▶

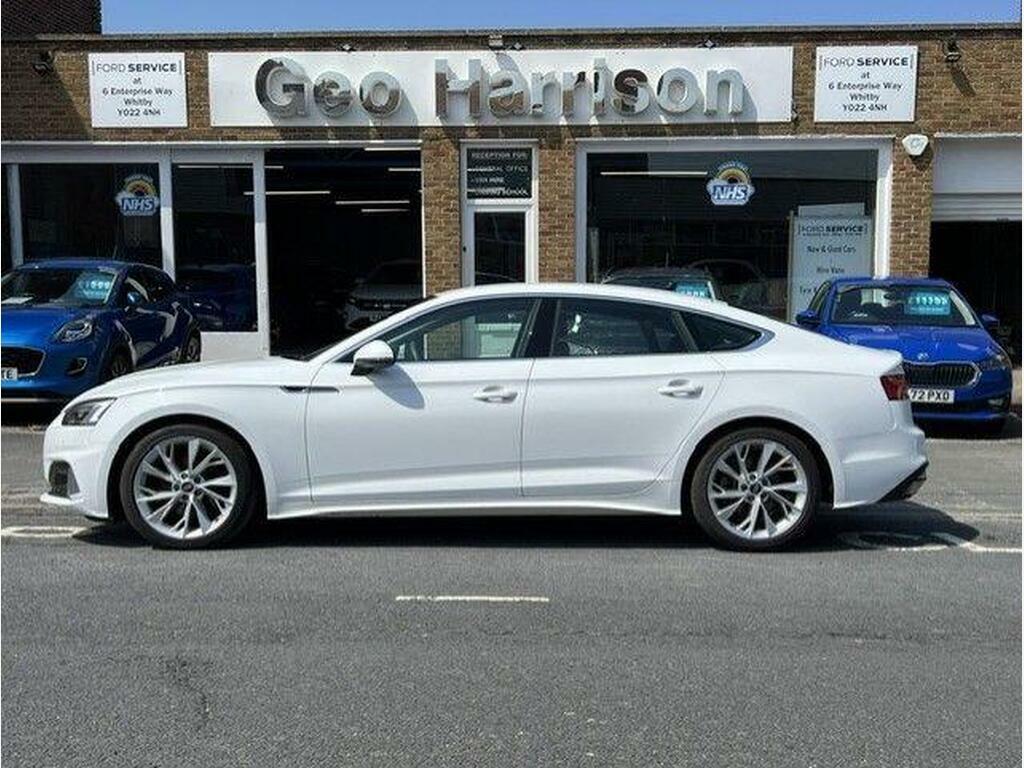 Audi A5 2.0 Tfsi 35 Sport Sportback S Tronic Euro 6 S S BG24KBX White #2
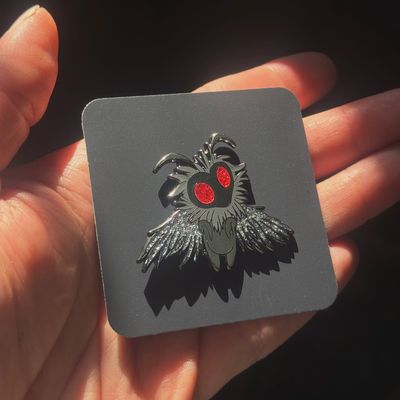Mothkin Enamel Pin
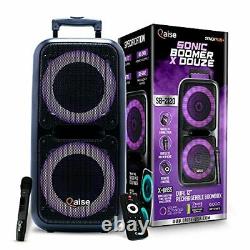 SonicBoomer X Douze Portable Bluetooth Party Speaker Dual 12 woofers with Li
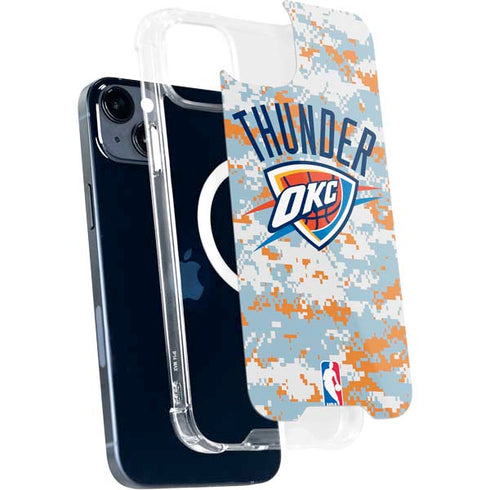 NBA Oklahoma City Thunder Digi Camo iPhone 15 Plus MagSafe Case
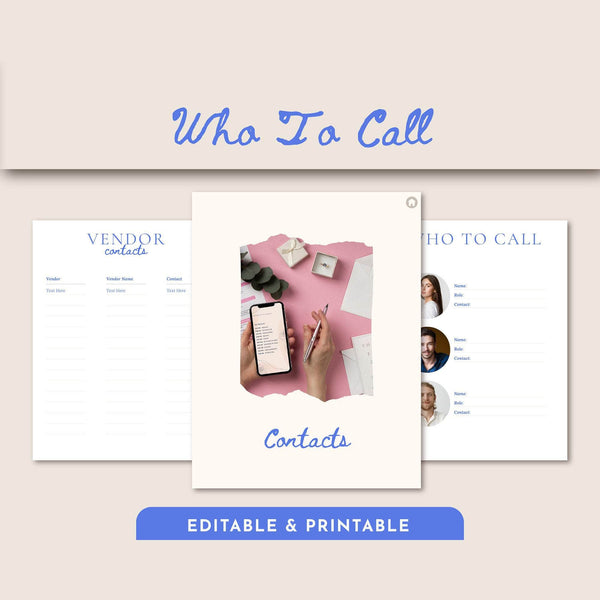 Goodnotes & Canva Template Hand Drawn Wedding Binder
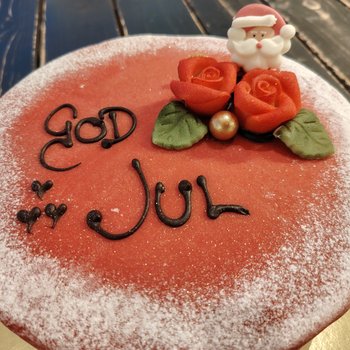 Ødegaarden Bakeri - Julemarsipankake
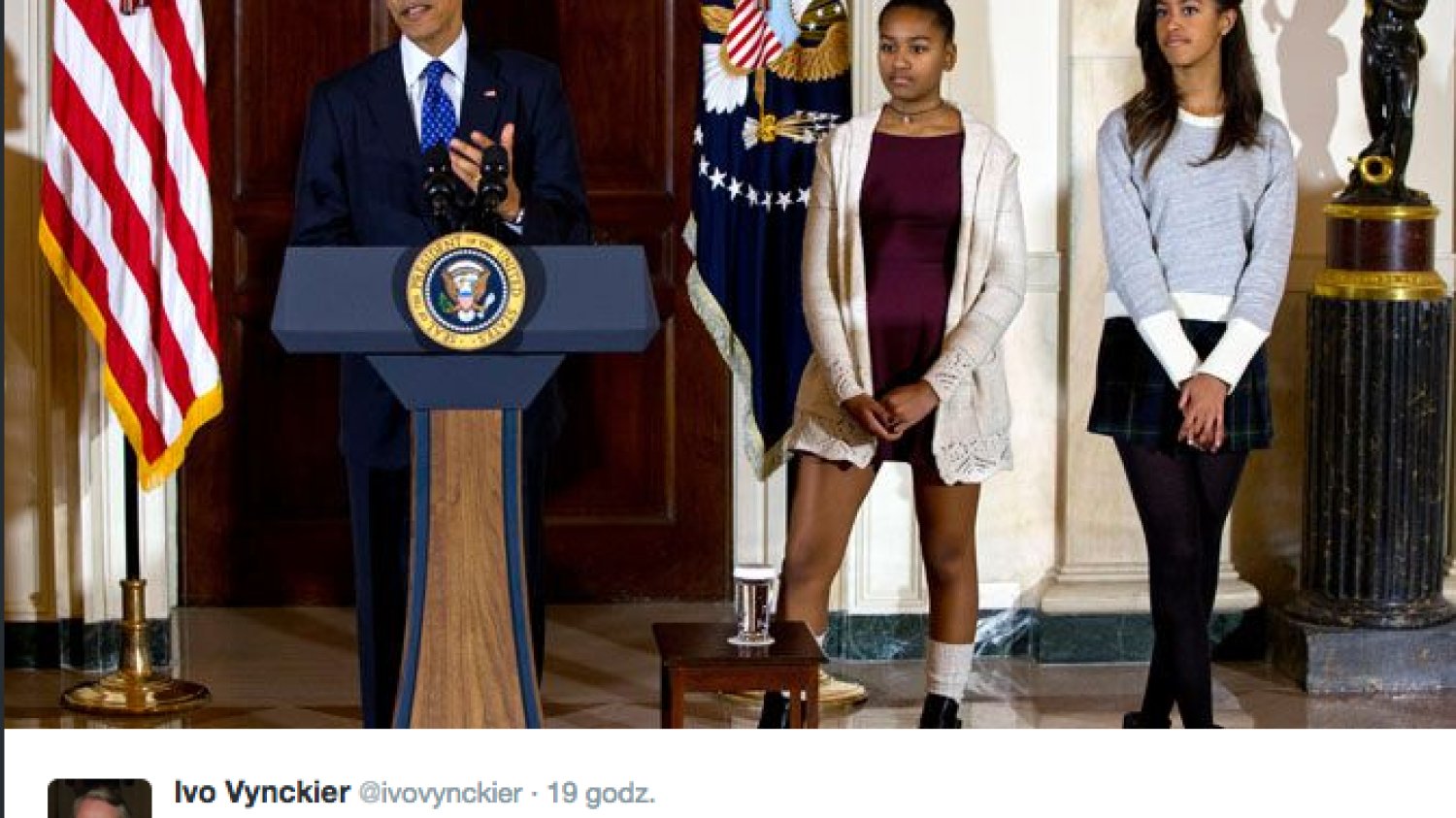 Sasha i Malia swoim wystąpieniem wzbudziły sporo kontrowersji.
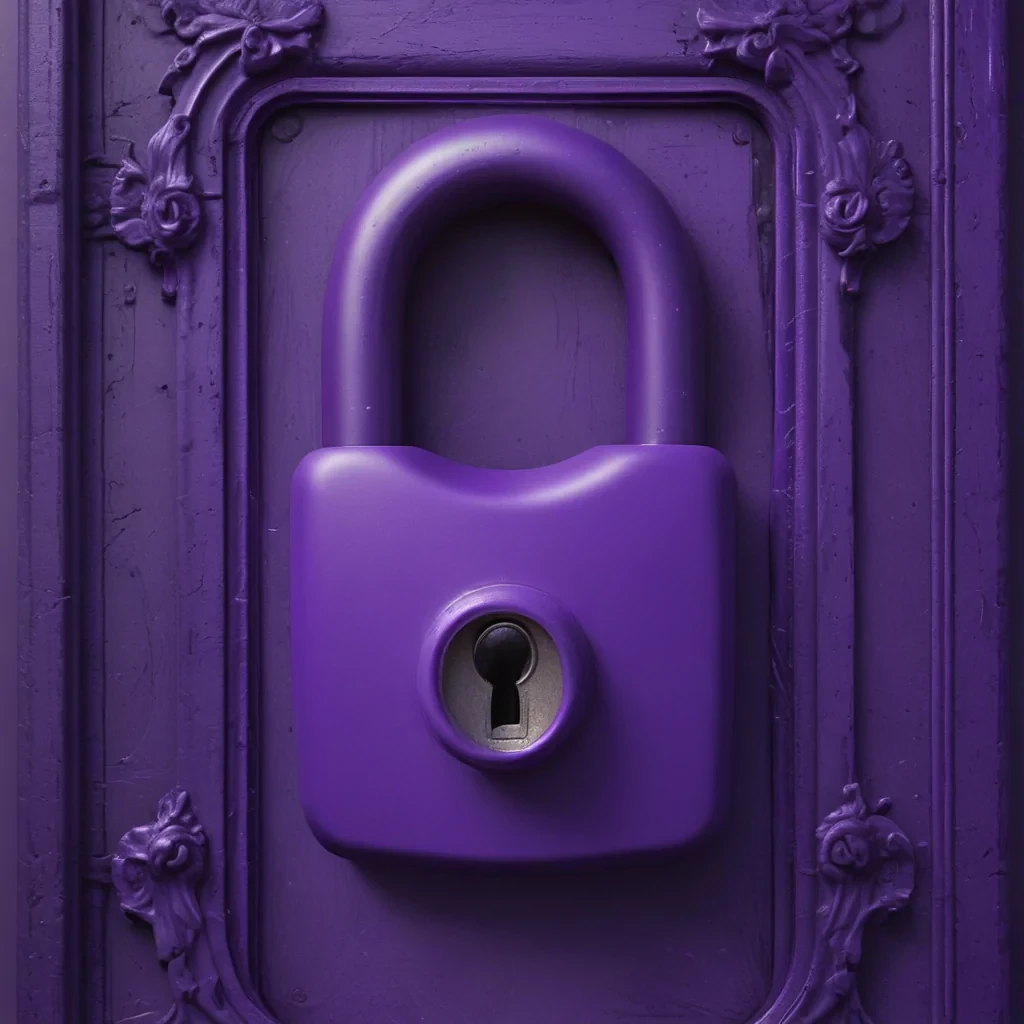 purple lock screen
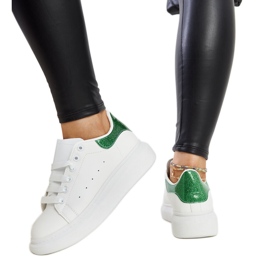 Fatimah white eco-leather sneakers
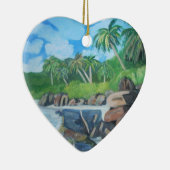 Eiland der Seychellen Ornament (Rechts)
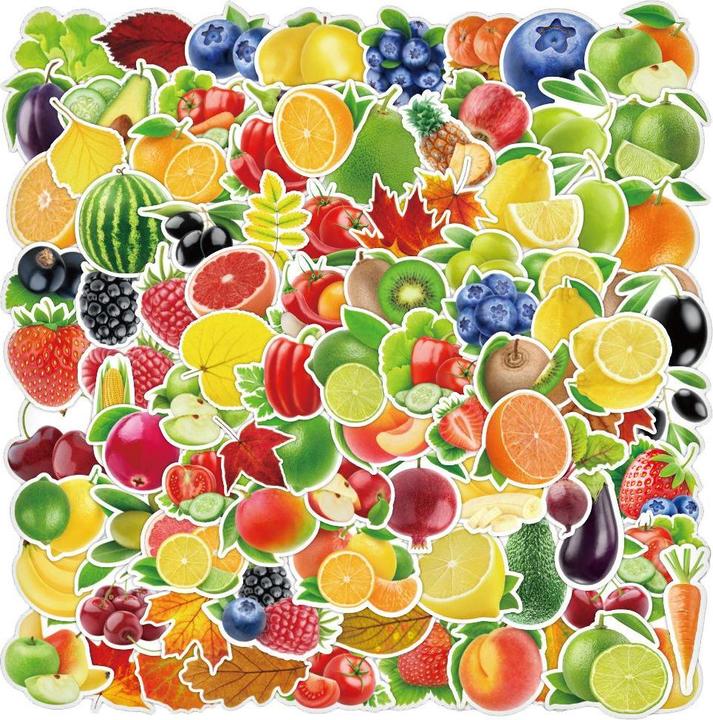 Produktbild JTI Mega-Packung mit Aufklebern - Obst und Gemüse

◀

● Your objective: Drop the images; copy every entry above exactly.

● Exercise result:
 Audi A5 2.0 Tfsi 35 Sport Sportback S Tronic Euro 6 S S BG24KBX White #2
Mothkin Enamel Pin
 SonicBoomer X Douze Portable Bluetooth Party Speaker Dual 12 woofers with Li
 NBA Oklahoma City Thunder Digi Camo iPhone 15 Plus MagSafe Case
 Goodnotes & Canva Template Hand Drawn Wedding Binder
 Ødegaarden Bakeri - Julemarsipankake
 Sasha i Malia swoim wystąpieniem wzbudziły sporo kontrowersji.
 purple lock screen
 Fatimah white eco-leather sneakers
 Eiland der Seychellen Ornament (Rechts)
 Produktbild JTI Mega-Packung mit Aufklebern - Obst und Gemüse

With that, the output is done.